Progress in large language models (LLMs) has been very rapid the last decade and LLMs are now being used to power a growing number of real-life applications. The automatic code completion tool GitHub Copilot is one such, powered by OpenAI’s Codex model. Training an LLM from scratch is very GPU intensive, and so only a handful of companies currently dominate the state-of-the-art like Google, Meta, Amazon, and OpenAI. Academia therefore has a challenge in operating in this space. There is a neighbouring arena of research, however, which seems just as important for LLMs to be impactful, and which is much more low-cost, namely: given a specific LLM and a specific task, what can you do to improve the performance in solving that task? In developing GitHub Copilot, we were faced with exactly this challenge, and so will every single company that launches real-life applications powered by LLMs. I believe there is a great potential for academic discoveries in this area, being relatively unexplored while potentially highly impactful.

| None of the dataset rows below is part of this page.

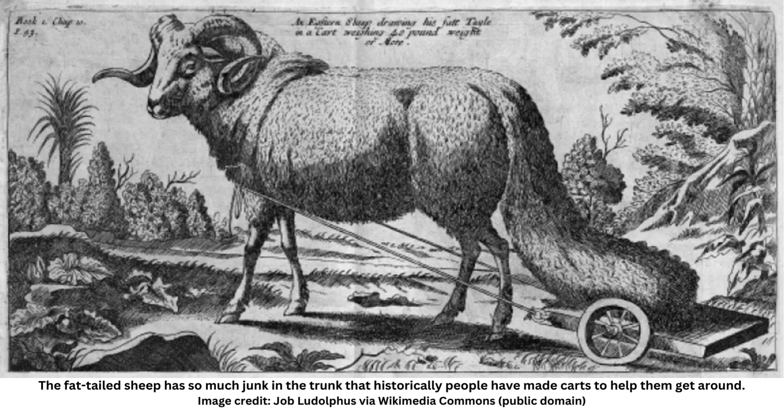The more a muscle is used, the bigger it gets, and so in evolving to be upright animals we earn ourselves the skeletal position needed to claim the big butt title.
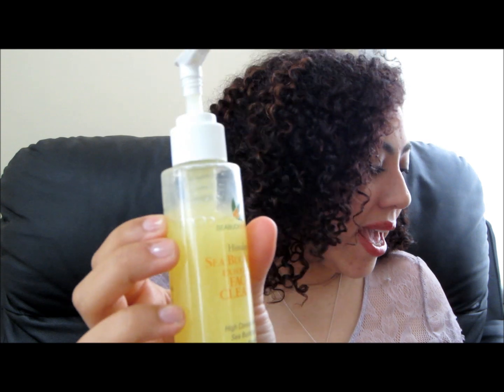The exfoliating facial cleanser is four full ounces and retails for $16.97. A little goes a long way — you have to be careful with the pump because it does come out a lot and you really don't need that much. One full pump was just too much for me. It has little exfoliating beads that are supposed to exfoliate your skin, and they work. It does clean your face and smells good — that same citrus smell. It does its job and I couldn't ask for anything more.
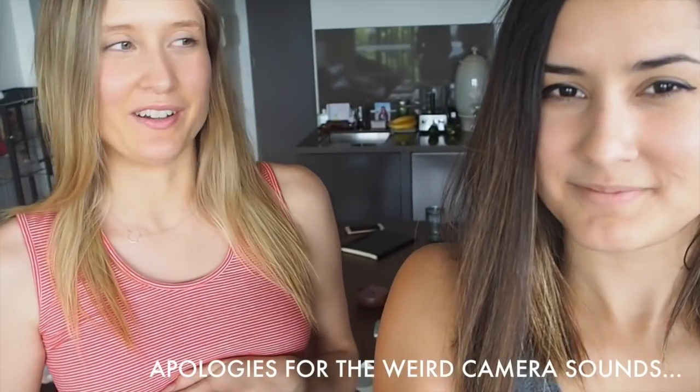Hi guys, welcome back to our channel! Today we have a new recipe video for you all. It's been a hot minute since we've been on YouTube — we've probably taken about a week's break. Yeah, I think we were just pretty lazy over Easter. I've been a little less motivated.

In this talk I will discuss a number of techniques that we have explored for making GitHub Copilot better without actually changing the model, as well as our “offline” evaluation framework that we use for early experiments without involving users. Much of this will be specific to the application of code completion, but it is my hope that it may inspire using related techniques on other applications of LLMs.
About the speaker
Johan Rosenkilde is a research engineer at GitHub Next, a small team within GitHub that explores the future of software development. He co-created GitHub Copilot, which is the leading ML-powered tool for providing code suggestion directly in the developer’s IDE. Until 2021, he was an Associate Professor at DTU specialising in computational algebra and error-correcting codes. He holds an MSc in software technology and a PhD in mathematics, both from DTU.